169 Contrairement à ce qu’allègue la requérante, la Commission n’a, par l’adoption de la décision attaquée, pas exempté les ventes d’investissement de toute application de l’article 102 TFUE. En effet, la Commission s’est contentée de conclure que les différences entre les ventes d’investissement et les ventes « classiques » aux distributeurs pouvaient expliquer des divergences quant aux conditions de vente appliquées. Compte tenu des différences entre ces deux types de vente, rappelées au point 168 ci-dessus, le Tribunal considère que la Commission n’a pas commis d’erreur manifeste en concluant à une faible probabilité de pouvoir établir une discrimination entre les distributeurs.
170 Ensuite, s’agissant du prétendu caractère sélectif des rabais d’investissement, qui auraient pour objectif d’assurer la loyauté des distributeurs, il y a lieu de relever que la décision attaquée a conclu que ces allégations n’étaient pas suffisamment étayées par les preuves examinées. Or, dans le cadre de la procédure devant le Tribunal, la requérante n’invoque aucun argument tiré d’une appréciation erronée, dans la décision attaquée, des preuves fournies dans le cadre de la procédure administrative, qui n’ont pas été produites devant le Tribunal. Dans ces circonstances, une erreur manifeste d’appréciation de la part de la Commission n’est pas établie.

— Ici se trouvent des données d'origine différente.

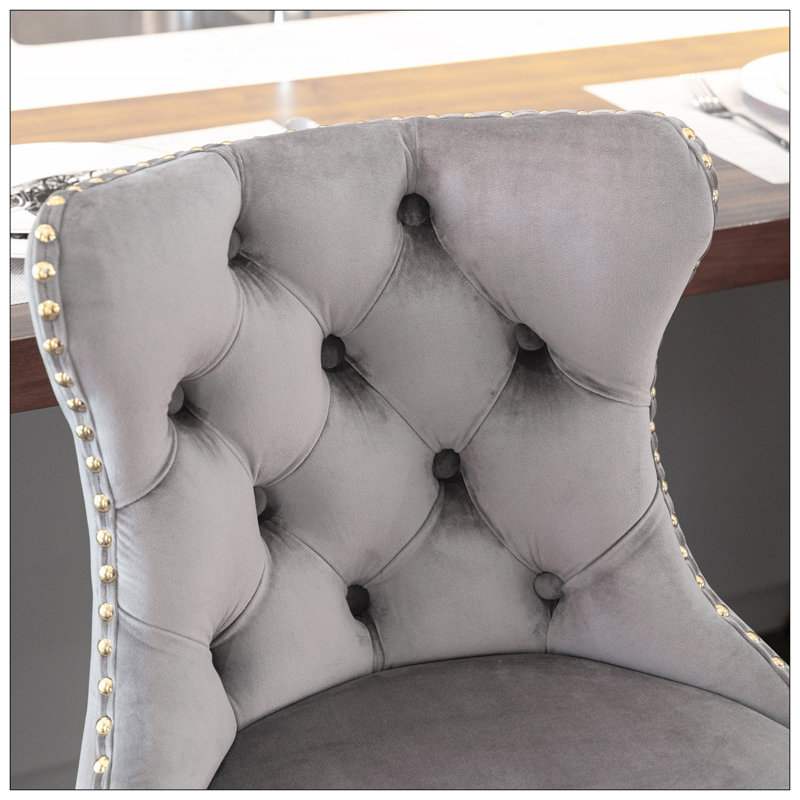Tabourets de bar pivotants en velours à hauteur de siège réglable de 25 à 33 pouces, tabourets de bar modernes à base chromée avec dossier capitonné confortable pour un pub à domicile et un îlot de cuisine (gris, ensemble de 2)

171 Par ailleurs, la requérante fait valoir que la Commission a conclu de manière erronée qu’il n’existait pas de corrélation entre le niveau des rabais offerts par Velux et la participation de la requérante au processus de soumission de l’offre d’investissement. Pour étayer cet argument, elle produit une liste d’offres pour des projets d’investissement en Autriche. Or, contrairement à ce qu’elle allègue, cette liste ne démontre pas que la différence de niveau de rabais offerts par Velux est nécessairement liée au fait que la requérante ait soumis une offre. En effet, comme le fait valoir à juste titre la Commission, les différences de niveau de rabais peuvent dépendre de nombreux facteurs, tels que l’étape du processus à laquelle le rabais est accordé, la taille du projet et l’intensité de la concurrence. En particulier, la liste d’offres produite par la requérante ne permet pas d’apprécier si d’autres concurrents ont également participé au processus de soumission. Ainsi, c’est sans commettre d’erreur manifeste d’appréciation que la Commission a considéré que la corrélation entre le niveau des rabais offerts par Velux et la participation de la requérante au processus de soumission de l’offre d’investissement n’était pas suffisamment étayée pour établir un abus.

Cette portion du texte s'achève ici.